Instead of following the classical three-act plot structure, Uncle Vanya is described as "Scenes from Country Life in Four Acts." How does breaking with tradition affect the audience's experience of the play?
Why are all of the romantic relationships in the play frustrated? Some are blocked because one party is married, while others are just plain old cases of unrequited love. But why can't anyone get what they're looking for?
Why do you think that the play is named after the figure of Vanya? Why is his relationship to Sonya highlighted (he's her uncle)?
Chekhov is known for his realist style. Which elements of the play make it seem true to everyday life, and which aspects are less than believable?

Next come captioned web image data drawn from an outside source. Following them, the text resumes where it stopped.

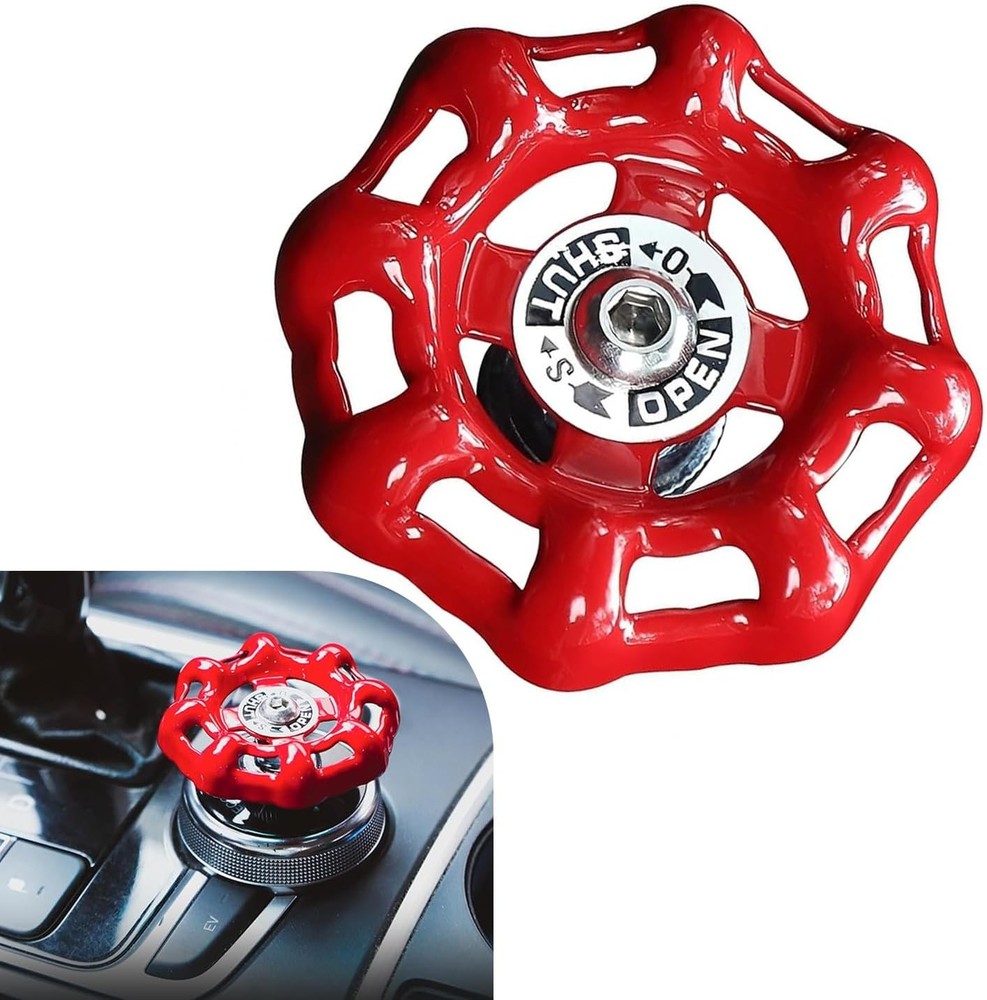 Push Start Button Cover, Metal Car Rotary Knob Decor, Auto One Click Start Decor
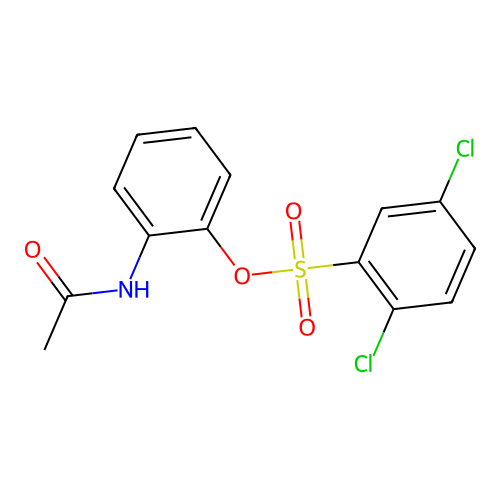 2-(Acetylamino)phenyl 2,5-dichlorobenzenesulfonate structure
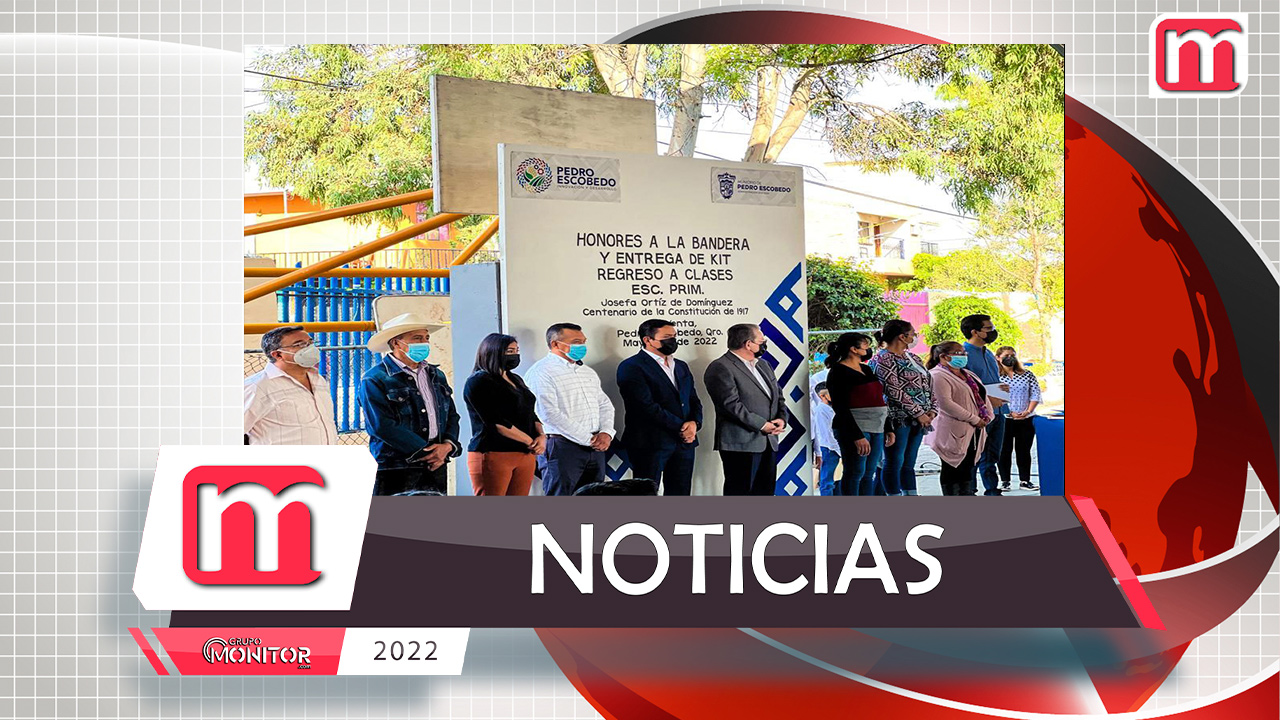 Entrega USEBEQ de Querétaro rehabilitación de escuela en Pedro Escobedo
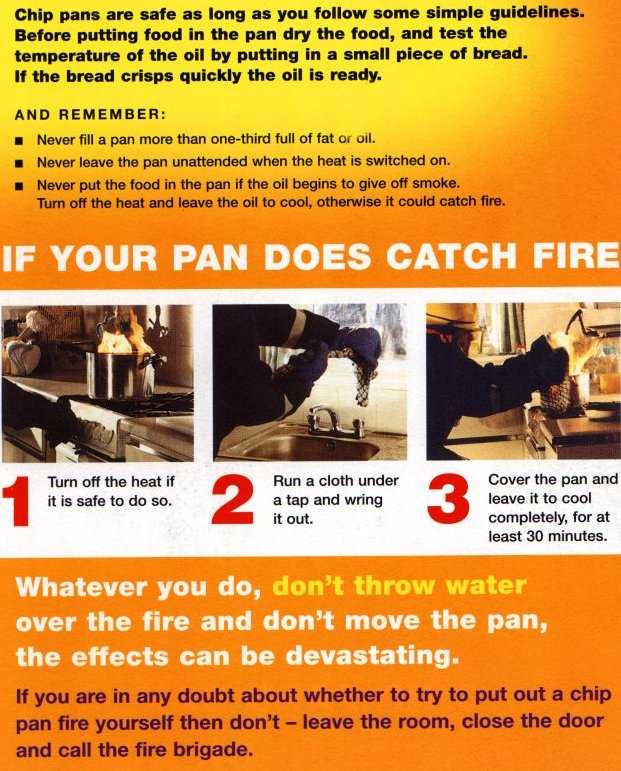 If your Pan catches Fire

When Vanya tries to shoot Serebryakov, nothing really happens. What is the meaning of this anticlimax? How would the play be different if Vanya had hit his mark?
If the play were to be presented today and set in your city, which elements would have to change and which could stick around?
Sonya blames her lack of success with the men folk on her "plain" looks. Yelena, on the other hand, is fighting them off. Is the real difference between them just their appearance, or can you find any other clues to their different levels of attraction?
The original version of this play had Vanya killing himself. How does the change in the plot change the meaning of the play?
How do you think things would be different for the characters in Uncle Vanya if the Professor's first wife, Sonya's mother, hadn't died?